El destino al que todo el expediente, todos los testigos, todos los años de proceso conducían. La Corte lo había anunciado desde el primer párrafo de su fallo y lo que les vamos a contar en este video es el recorrido que llevó hasta ahí. Volvamos al principio, al norte de Antioquia, a comienzos de los 90, a un territorio donde la violencia no era noticia, sino clima, y a un apellido que allí significaba poder.

 La pregunta de fondo, la que organiza todo lo que viene a continuación es esta: ¿Cómo paga alguien como Santiago Uribe? ¿Cómo se ejecuta una condena de 28 años sobre un hombre de 73 con 24 propiedades en Antioquia y el apellido más políticamente cargado del país? A esa respuesta llegamos al final, pero para entenderla del todo hay que empezar por el territorio donde todo comenzó.

 El ganadero al que nadie se atrevía a señalar, Álvaro Uribe Vélez, nació el 4 de julio de 1952. Santiago, el segundo de los cinco hijos del ganadero Alberto Uribe Sierra y de Laura Vélez, nació el 7 de abril de 1957, ambos en Medellín. Aunque la familia se movió entre propiedades en distintos municipios de Antioquia, el padre Alberto Uribe Sierra construyó una fortuna basada en tierra y ganado en el departamento con fincas distribuidas por el norte, el oriente y otras zonas de Antioquia. Mientras Álvaro el Mayor tomó

el camino de la política alcalde de Medellín brevemente, luego gobernador de Antioquia entre 1995 y 1997, después senador y finalmente presidente de la República entre 2002 y 2010 Santiago siguió los pasos del padre, los caballos de paso, el ganado, las fincas, una existencia construida sobre la tierra y la actividad agropecuaria del norte antioqueño.

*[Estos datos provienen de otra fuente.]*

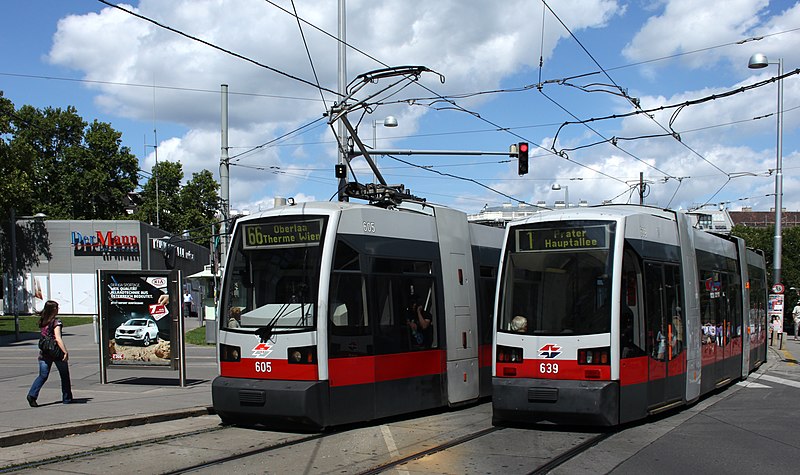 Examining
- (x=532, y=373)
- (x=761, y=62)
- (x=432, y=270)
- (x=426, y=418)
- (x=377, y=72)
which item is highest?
(x=761, y=62)

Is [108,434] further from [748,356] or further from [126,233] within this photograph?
[126,233]

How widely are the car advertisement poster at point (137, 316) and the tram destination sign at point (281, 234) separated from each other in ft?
15.5

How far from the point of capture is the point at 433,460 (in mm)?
8461

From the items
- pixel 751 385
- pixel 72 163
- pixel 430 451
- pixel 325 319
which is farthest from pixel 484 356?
pixel 72 163

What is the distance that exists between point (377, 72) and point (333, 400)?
21.7ft

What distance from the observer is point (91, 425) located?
10.2 m

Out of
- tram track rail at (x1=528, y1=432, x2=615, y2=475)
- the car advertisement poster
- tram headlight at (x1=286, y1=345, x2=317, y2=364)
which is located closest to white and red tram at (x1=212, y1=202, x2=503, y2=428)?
tram headlight at (x1=286, y1=345, x2=317, y2=364)

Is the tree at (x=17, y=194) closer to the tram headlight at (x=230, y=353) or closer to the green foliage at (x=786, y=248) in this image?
the tram headlight at (x=230, y=353)

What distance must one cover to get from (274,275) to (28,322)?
33.0 m

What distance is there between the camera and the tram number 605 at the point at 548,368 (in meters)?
10.4

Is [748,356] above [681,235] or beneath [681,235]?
beneath

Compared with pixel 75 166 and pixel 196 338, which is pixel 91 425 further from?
pixel 75 166

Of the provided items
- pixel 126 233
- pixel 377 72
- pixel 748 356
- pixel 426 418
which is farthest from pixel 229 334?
pixel 126 233

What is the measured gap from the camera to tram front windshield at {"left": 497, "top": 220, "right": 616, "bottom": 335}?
10391 millimetres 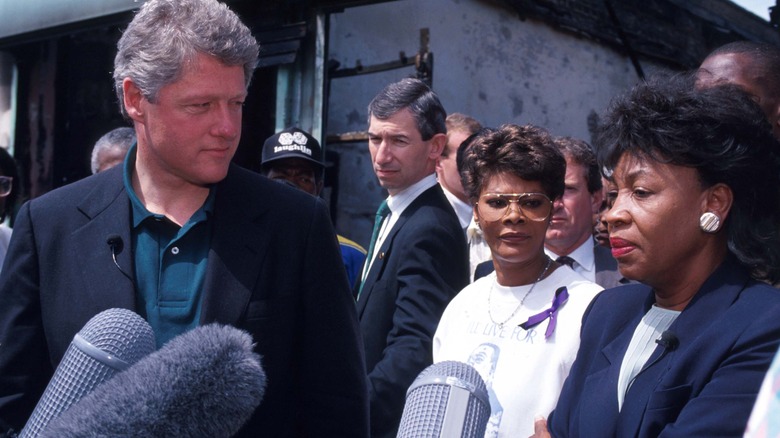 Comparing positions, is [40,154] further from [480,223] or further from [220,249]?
[220,249]

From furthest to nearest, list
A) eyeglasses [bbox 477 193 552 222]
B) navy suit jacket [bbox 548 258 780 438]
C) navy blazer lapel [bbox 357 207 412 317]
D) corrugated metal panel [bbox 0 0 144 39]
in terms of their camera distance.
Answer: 1. corrugated metal panel [bbox 0 0 144 39]
2. navy blazer lapel [bbox 357 207 412 317]
3. eyeglasses [bbox 477 193 552 222]
4. navy suit jacket [bbox 548 258 780 438]

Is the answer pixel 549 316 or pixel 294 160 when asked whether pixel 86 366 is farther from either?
pixel 294 160

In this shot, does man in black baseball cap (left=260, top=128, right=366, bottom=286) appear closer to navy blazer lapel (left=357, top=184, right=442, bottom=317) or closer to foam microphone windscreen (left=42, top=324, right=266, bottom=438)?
navy blazer lapel (left=357, top=184, right=442, bottom=317)

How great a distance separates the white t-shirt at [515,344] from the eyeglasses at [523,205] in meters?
0.23

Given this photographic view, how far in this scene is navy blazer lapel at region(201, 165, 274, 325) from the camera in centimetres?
212

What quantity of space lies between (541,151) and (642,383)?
1393mm

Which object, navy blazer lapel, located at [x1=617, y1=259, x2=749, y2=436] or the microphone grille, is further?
navy blazer lapel, located at [x1=617, y1=259, x2=749, y2=436]

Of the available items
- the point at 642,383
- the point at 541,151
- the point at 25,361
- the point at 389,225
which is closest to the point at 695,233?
the point at 642,383

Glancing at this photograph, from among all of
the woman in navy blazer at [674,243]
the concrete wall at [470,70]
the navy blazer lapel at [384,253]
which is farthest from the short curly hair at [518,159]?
the concrete wall at [470,70]

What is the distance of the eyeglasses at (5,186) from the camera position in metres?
4.74

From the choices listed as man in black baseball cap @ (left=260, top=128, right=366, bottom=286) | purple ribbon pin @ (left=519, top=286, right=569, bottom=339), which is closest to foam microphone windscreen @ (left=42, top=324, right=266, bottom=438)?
purple ribbon pin @ (left=519, top=286, right=569, bottom=339)

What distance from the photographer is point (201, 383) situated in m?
1.36

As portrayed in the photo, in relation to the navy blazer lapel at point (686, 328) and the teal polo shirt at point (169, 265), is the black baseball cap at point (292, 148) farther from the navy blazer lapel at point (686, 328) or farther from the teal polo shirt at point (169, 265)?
the navy blazer lapel at point (686, 328)

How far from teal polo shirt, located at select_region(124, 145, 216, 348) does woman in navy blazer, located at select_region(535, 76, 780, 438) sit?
1010 millimetres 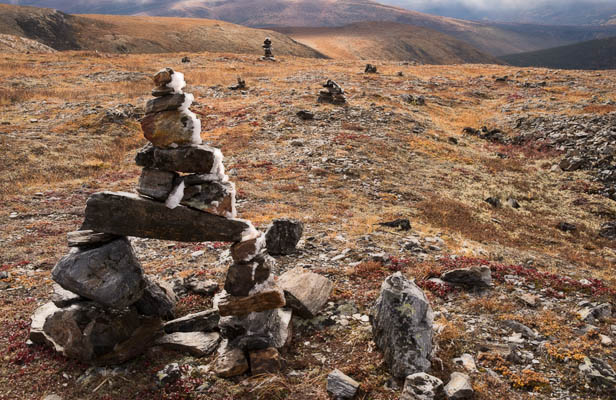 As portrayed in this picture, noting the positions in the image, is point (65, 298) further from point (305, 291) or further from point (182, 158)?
point (305, 291)

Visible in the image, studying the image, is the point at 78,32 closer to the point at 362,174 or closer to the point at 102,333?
the point at 362,174

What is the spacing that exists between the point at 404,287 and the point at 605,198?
26.2m

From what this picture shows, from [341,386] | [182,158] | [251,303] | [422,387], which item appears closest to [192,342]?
[251,303]

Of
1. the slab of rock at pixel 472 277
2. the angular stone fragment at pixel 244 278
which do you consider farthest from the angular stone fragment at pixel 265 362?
the slab of rock at pixel 472 277

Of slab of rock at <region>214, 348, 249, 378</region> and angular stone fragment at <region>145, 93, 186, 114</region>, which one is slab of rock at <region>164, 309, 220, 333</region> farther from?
angular stone fragment at <region>145, 93, 186, 114</region>

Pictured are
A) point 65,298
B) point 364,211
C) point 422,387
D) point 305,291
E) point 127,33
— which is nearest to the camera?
point 422,387

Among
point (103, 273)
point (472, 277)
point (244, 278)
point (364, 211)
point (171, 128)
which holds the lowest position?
point (364, 211)

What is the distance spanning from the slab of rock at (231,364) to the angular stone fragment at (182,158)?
14.7 ft

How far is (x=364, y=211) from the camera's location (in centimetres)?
2052

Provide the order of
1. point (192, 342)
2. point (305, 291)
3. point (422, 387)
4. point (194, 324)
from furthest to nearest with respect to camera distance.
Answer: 1. point (305, 291)
2. point (194, 324)
3. point (192, 342)
4. point (422, 387)

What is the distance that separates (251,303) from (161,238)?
274 cm

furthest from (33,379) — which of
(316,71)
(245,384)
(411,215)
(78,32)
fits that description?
(78,32)

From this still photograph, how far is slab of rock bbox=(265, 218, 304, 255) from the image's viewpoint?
15.0 meters

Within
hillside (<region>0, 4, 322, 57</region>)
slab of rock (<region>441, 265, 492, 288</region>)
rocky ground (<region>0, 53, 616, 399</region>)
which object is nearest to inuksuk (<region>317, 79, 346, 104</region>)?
rocky ground (<region>0, 53, 616, 399</region>)
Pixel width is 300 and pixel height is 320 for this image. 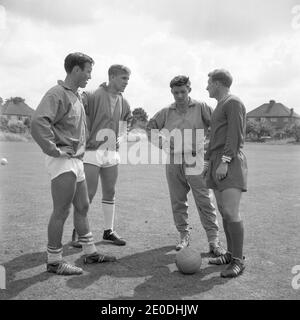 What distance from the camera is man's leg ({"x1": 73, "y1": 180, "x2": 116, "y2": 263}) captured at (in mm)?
5520

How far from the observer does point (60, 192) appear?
16.8 feet

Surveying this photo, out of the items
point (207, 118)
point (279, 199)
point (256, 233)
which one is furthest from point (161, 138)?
point (279, 199)

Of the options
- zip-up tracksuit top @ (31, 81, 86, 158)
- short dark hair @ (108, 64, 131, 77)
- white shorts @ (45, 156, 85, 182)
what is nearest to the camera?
zip-up tracksuit top @ (31, 81, 86, 158)

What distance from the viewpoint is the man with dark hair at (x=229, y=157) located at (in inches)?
205

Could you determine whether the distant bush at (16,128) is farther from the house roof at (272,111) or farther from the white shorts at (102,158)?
the house roof at (272,111)

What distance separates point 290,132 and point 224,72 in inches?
3154

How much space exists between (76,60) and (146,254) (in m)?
2.87

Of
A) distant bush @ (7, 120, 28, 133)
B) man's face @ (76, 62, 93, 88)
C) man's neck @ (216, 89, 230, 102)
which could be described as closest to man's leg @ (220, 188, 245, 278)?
man's neck @ (216, 89, 230, 102)

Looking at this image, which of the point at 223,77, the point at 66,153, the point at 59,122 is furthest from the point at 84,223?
the point at 223,77

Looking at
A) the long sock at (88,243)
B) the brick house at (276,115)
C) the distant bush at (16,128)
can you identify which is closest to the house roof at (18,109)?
the distant bush at (16,128)

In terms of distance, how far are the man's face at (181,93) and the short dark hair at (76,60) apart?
1.45 meters

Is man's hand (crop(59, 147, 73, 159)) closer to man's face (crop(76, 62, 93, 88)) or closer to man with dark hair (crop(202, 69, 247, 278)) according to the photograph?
man's face (crop(76, 62, 93, 88))

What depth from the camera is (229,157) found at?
5211mm

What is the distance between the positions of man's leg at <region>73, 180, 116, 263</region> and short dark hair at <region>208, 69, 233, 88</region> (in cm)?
213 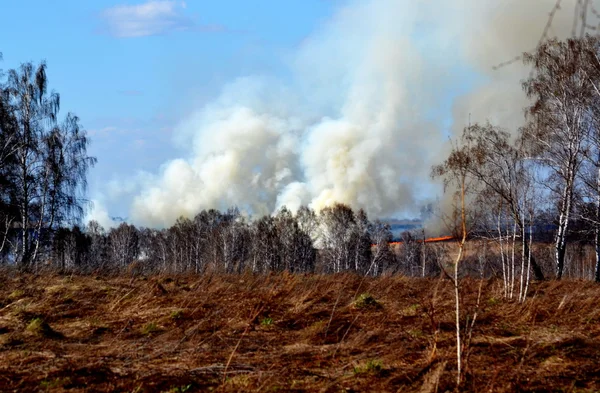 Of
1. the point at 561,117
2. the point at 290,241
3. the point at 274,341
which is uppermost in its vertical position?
the point at 561,117

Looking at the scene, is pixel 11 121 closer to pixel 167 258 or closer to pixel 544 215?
pixel 544 215

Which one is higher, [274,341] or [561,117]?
[561,117]

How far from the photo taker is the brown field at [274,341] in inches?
216

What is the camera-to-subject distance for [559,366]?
610 centimetres

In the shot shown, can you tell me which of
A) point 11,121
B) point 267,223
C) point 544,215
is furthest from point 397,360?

 14 de junio de 1983 cambió algo en la familia. Alberto Uribe Sierra fue asesinado mientras aterrizaba en su hacienda las huacharacas. En el ataque murió el padre y Santiago resultó herido con pérdida de uno de sus dedos. El expresidente Álvaro Uribe construiría durante décadas una narrativa política sobre ese episodio, atribuyendo el crimen al frente 36 de las FARCK, aunque la versión nunca fue del todo clara.

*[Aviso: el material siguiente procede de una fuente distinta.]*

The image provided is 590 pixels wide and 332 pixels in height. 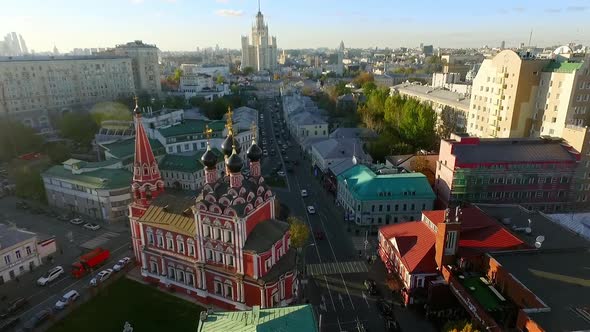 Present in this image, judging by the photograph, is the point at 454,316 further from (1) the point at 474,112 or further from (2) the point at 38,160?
(2) the point at 38,160

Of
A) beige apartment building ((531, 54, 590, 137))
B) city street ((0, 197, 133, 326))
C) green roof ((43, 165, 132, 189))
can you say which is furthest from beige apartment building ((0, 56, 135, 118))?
beige apartment building ((531, 54, 590, 137))

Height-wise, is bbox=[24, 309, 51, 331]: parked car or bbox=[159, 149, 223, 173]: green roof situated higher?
bbox=[159, 149, 223, 173]: green roof

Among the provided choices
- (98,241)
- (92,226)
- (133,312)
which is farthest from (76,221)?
(133,312)

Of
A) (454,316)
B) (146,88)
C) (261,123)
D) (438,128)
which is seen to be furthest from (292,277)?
(146,88)

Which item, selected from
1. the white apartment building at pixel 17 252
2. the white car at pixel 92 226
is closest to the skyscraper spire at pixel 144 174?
the white apartment building at pixel 17 252

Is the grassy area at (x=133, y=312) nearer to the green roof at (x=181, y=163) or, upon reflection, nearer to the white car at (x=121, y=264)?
the white car at (x=121, y=264)

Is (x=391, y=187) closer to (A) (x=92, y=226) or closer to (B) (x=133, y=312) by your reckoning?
(B) (x=133, y=312)

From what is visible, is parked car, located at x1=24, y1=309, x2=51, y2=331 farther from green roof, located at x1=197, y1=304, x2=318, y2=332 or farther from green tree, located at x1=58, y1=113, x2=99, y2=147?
green tree, located at x1=58, y1=113, x2=99, y2=147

Santiago también salió marcado físicamente y según lo que vendría después de otras formas, la hacienda la Carolina. Una de las 24 propiedades que la familia Uribe Vélez tenía en Antioquia, ubicada en el sector de los Llanos de Cuibá, municipio de Yarumal, es, según el fallo condenatorio, la que más frecuentaba Santiago, la que administraba, la que, de acuerdo con la sentencia del Tribunal Superior de Antioquia era administrada en la época de los hechos por el sindicato y era conueño de sus predios. Desde antes de

ser administrador estaba al tanto. Visitaba con frecuencia el lugar. Lo destinó para reuniones de la organización ilegal y para la presencia y entrenamiento de hombres armados. En 1985, el periodista Fabio Castillo publicó el libro Los jinetes de la cocaína, obra que documentaba los vínculos entre el crimen organizado y la clase política y económica en Colombia.

 En una fotografía de ese año aparecía Santiago Uribe en una actividad social junto a miembros de la familia Ochoa Restrepo, una de las familias socias de Pablo Escobar dentro del cartel de Medellín. Esa imagen quedó registrada y fue citada en investigaciones periodísticas posteriores. Lo que es verificable, como dato judicial es que la condena definitiva del 3 de junio de 2026 no incluye cargos por narcotráfico.